:: EXERCISE DIRECTIONS ::
Copy out only the lines running from the one that contains "Jaguar E-PACE — фото 4" through the end of the listing. Pictures stay out.

:: INFORMATION SUPPLIED ::
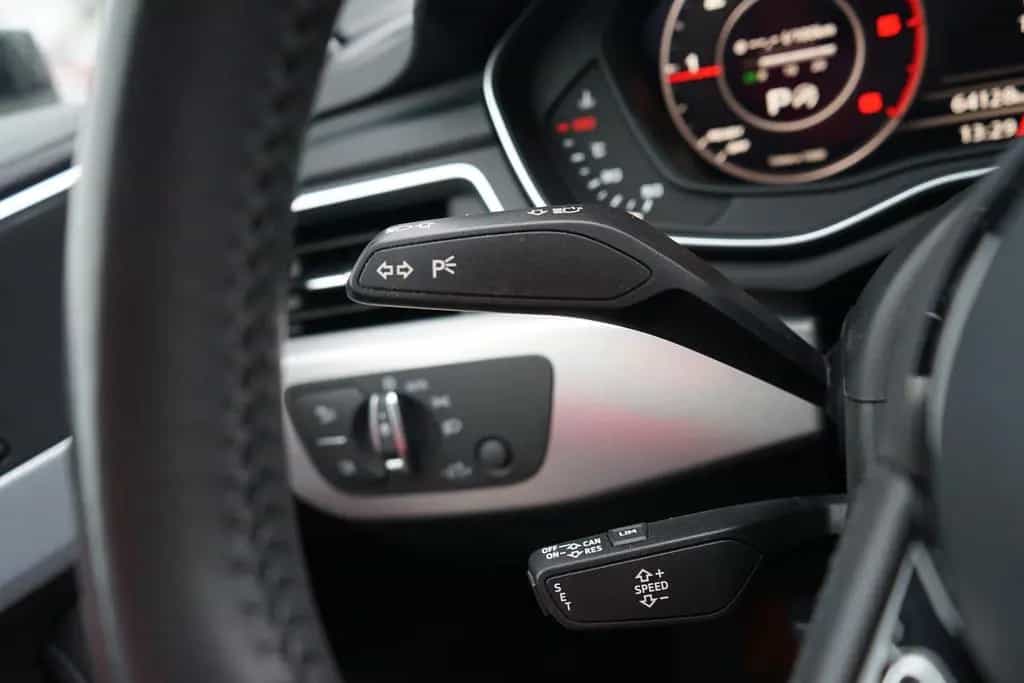 Audi A4 Avant 35 2.0 TDI sport Bi-Xenon Navi Tempomat 11/2018-photo-20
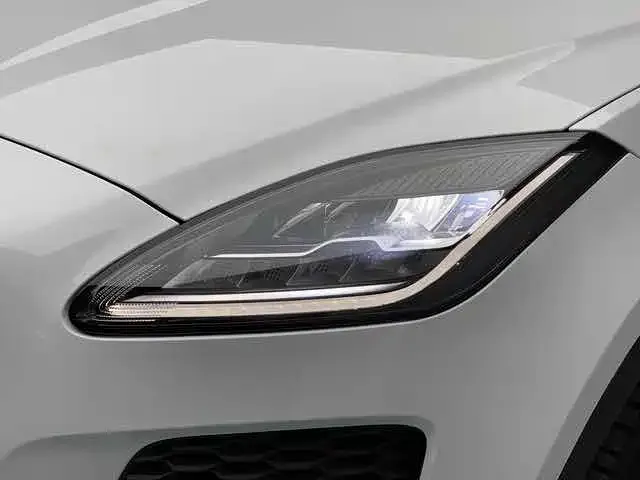 Jaguar E-PACE — фото 4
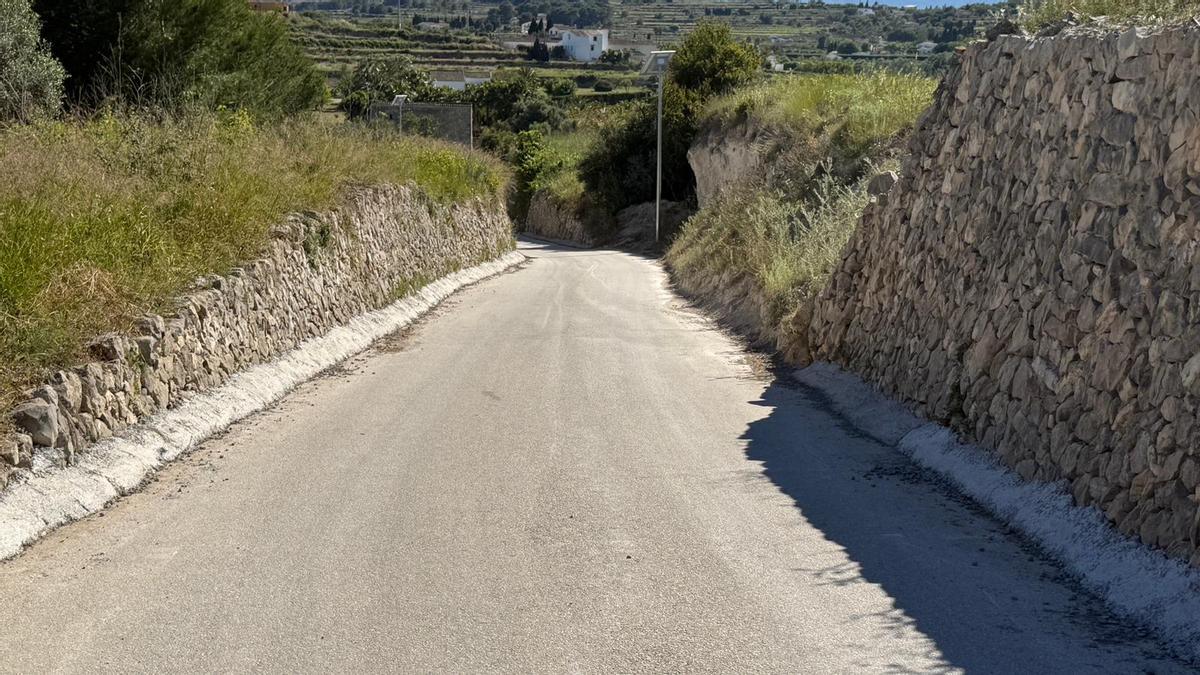El gris del hormigón ensucia un paisaje rural bellísimo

:: OUTPUT OF THE TASK ::
 Jaguar E-PACE — фото 4
El gris del hormigón ensucia un paisaje rural bellísimo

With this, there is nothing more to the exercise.